The view seemed rather odd to me. My occasional forays into the darker areas of internet politics showed much of the BNP think UKIP is an MI6 plot to divert nationalist and anti-European support into an incompetent Dad’s Army. That both Norman Tebbit and Nigel Farage suspected this back in 2001 is all the proof they need.

For my own part I think UKIP and the BNP are quite fundamentally different. It is only the tortured simplicity of the ‘left/right’ spectrum that puts them near each other. UKIP are the Tory Party in exile, the boat children of Maastricht, clinging to the Thatcher Dolchstosslegend of 1990.

They exist as a study in what the Tory Party might have become had John Major been overthrown in the early nineties. Despite their Euro-obsessionism, there’s little in their manifesto you wouldn’t find in the archives of the Adam Smith Institute or Policy Exchange.

The British National Party are the most prominent incarnation of a political jumble including the National Front, New Nationalist Party, EDL and a host of splinter groups leading back to the League of Empire Loyalists and the BUF.  A group of people, angry and not entirely sure why, electorally successful in inverse proportion to the number of jackboots visible.

While they may occasionally be joined, and led, by a member of the upper classes (such as their current Cantabrian chairman), their support mainly comes from the losers of modern Britain. Feeling there’s an injustice, but lacking the political framework to express it, they’re easy prey for those who can provide a scapegoat.

Fascism is the failure of social democracy.
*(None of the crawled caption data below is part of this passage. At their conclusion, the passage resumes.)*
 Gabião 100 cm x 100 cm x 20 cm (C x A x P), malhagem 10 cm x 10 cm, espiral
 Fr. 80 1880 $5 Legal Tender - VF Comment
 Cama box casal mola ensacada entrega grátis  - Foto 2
It springs up when parties which claim to speak for the people stop doing so. It is a denial shouted in the face of the notion that there is, ‘no other nexus between man and man than naked self-interest, than callous cash payment’. We are social creatures, we need other people. You can’t change that any more than you can change your need for oxygen. In the absence of a message of a socialism based on freedom and justice, some will turn to a nationalism based on blood and soil.

Britain’s original experience with fascism re-enforces this notion. While Oswald Mosley and the Blackshirts after 1932 are well known, the Labour Party has tended to gloss over his road there. Right up until the Labour Party conference of 1930, when Mosley was on the NEC, he got the vote of 40% of the party against its own leadership. The cause was his memorandum, a document revolutionary at the time, recommending a massive program of public works.
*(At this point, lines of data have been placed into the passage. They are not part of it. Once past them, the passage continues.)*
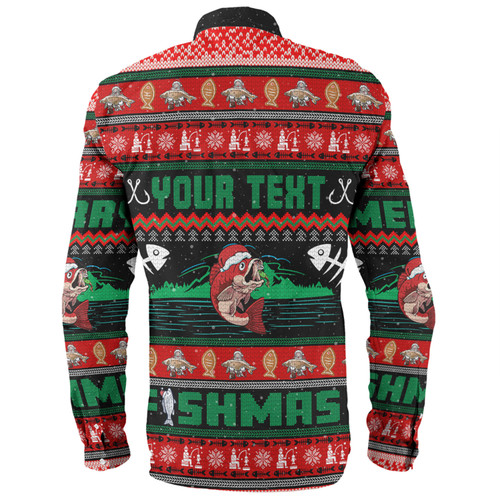 Australia Christmas Fishing Custom Long Sleeve Shirt - Merry Ugly Fishmas Long Sleeve Shirt Australia Christmas Fishing Custom Long Sleeve Shirt - Merry Ugly Fishmas Long Sleeve Shirt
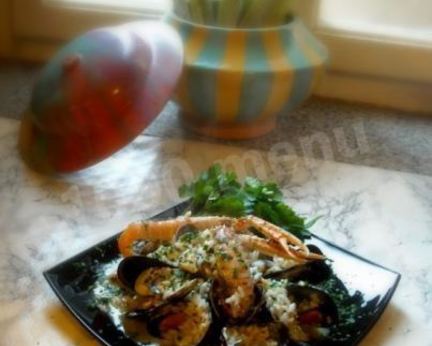 Ризотто с моллюсками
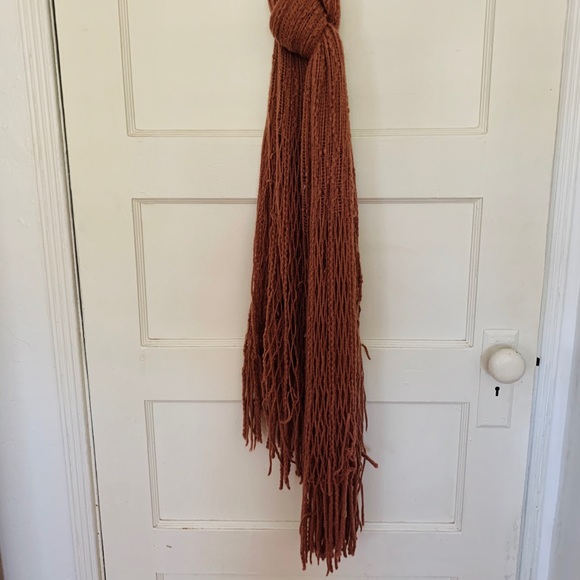 Dusty Rose Knit Scarf - Picture 2 of 5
Philip Snowden, still wedded to the notion that the Labour Party had to tolerate unemployment to be considered seriously, drove Mosley out of the party. After the disaster of the New Party, Mosley left the country to tour Europe. By the time he returned from Italy and Germany he saw democracy as a lost cause. The rest, as they say, is history.
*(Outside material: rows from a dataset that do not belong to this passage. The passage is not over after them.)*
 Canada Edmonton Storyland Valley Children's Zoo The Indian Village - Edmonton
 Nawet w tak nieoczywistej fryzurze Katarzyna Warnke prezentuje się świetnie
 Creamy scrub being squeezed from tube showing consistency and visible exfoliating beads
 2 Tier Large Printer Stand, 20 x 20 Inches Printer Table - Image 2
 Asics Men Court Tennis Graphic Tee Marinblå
In 1945 Labour proved you didn’t need blood on the streets to effect change, that a transformation of British politics and society could be brought about by the democratic process, and by trusting the British public. That even the man known as the greatest Briton in history goes down to the will of the people.

The party, buoyed by its gains last week has a fine line to walk. It cannot ignore the electorate, but echoing economics which has failed and continues to fail because Very Serious People say so is the same road to nowhere. We are lucky that the Tories have Nigel Farage stirring up trouble and knocking a few points off them.

We are lucky the BNP are led by a distasteful holocaust denier, rather than a charismatic and organised young woman. We are lucky there is only one Alex Salmond, only one George Galloway and only one Boris Johnson. We need a plan for what happens when our luck runs out.